Upaya bank-bank mengatasi kurangnya likuiditas inilah yang menyebabkan tingginya suku bunga deposit, berdampak kepada sulitnya bank menurunkan suku bunga kredit. Menurut dia, jika bank memiliki rasio kredit terhadap pinjaman (loan to deposit ratio/LDR) di atas 60 persen dan ingin menyalurkan kredit, bank akan berebut DPK dengan menaikkan suku bunga simpanan.

“Kalau dia mau terbitkan sertifikat deposito, tidak ada. Mau terbitkan obligasi segitusegitu saja.Kalau mau menambah kredit dan dorong CAR, harus ada DPK tambahan. Belum lagi nasabah-nasabah yang menengah ke atas punya alternatif investasi. Unitlink, Reksa dana, akhirnya bank mau tak mau harus berikan bunga yang kompetitif. Supply dan demand,” ungkapnya di sela-sela konferensi pers tentang kinerja LPS 2011 di Jakarta, kemarin.

Menurut Mirza, selama ini pertumbuhan kredit memang lebih besar dari DPK. Per September kredit tumbuh 26 persen sementara DPK 19,6 persen. Mirza menilai, keberadaan Pasar Uang Antarbank (PUAB) juga belum efektif untuk menyediakan likuiditas. Penempatan dana bank di PUAB per Desember 2011 hanya mencapai Rp160 triliun, penempatan di instrumen lain juga masih sedikit.

“Misalnya SPN, tapi yieldnya terlalu rendah, sebesar 1,9 persen untuk tiga bulan dan 3,4 persen untuk satu tahun. Instrumen jangka pendek lain. Tidak tersedia seperti certificate deposit dan certificate commercial.

Akibatnya, bank lebih senang menaruh dananya di BI meski suku bunganya hanya 4,5 persen,” ujarnya. Mirza menilai, pembiayaan jangka pendek perbankan seharusnya berasal dari DPK dan PUAB. Sementara, jangka panjang harusnya dari DPK jangka panjang dan obligasi.
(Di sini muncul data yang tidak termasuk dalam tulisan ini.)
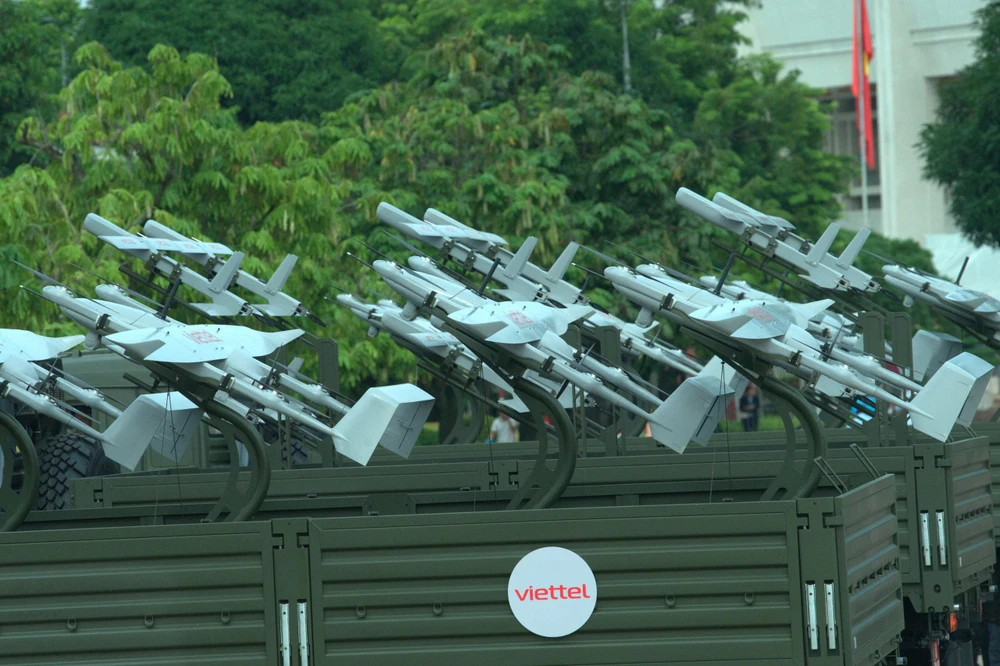 Khí tài tổng duyệt diễu binh A80 (19).jpg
“Tapi. DPK jangka panjang tidak ada di Indonesia. Deposito tidak sampai 2–3 tahun, paling lama tiga bulan. Belum ada certificate deposit(CD),” ujarnya.

Premi Risiko

Pada kesempatan yang sama, Kepala Eksekutif LPS Firdaus Djaelani mengatakan, LPS terus melakukan kajian mengenai penerapan sistem premi diferensial, yang akan disesuaikan dengan risiko masing-masing bank. Sesuai kajian yang telah dilakukan, LPS akan menerapkan rentang premi 0,5 persen antara premi terendah dan tertinggi.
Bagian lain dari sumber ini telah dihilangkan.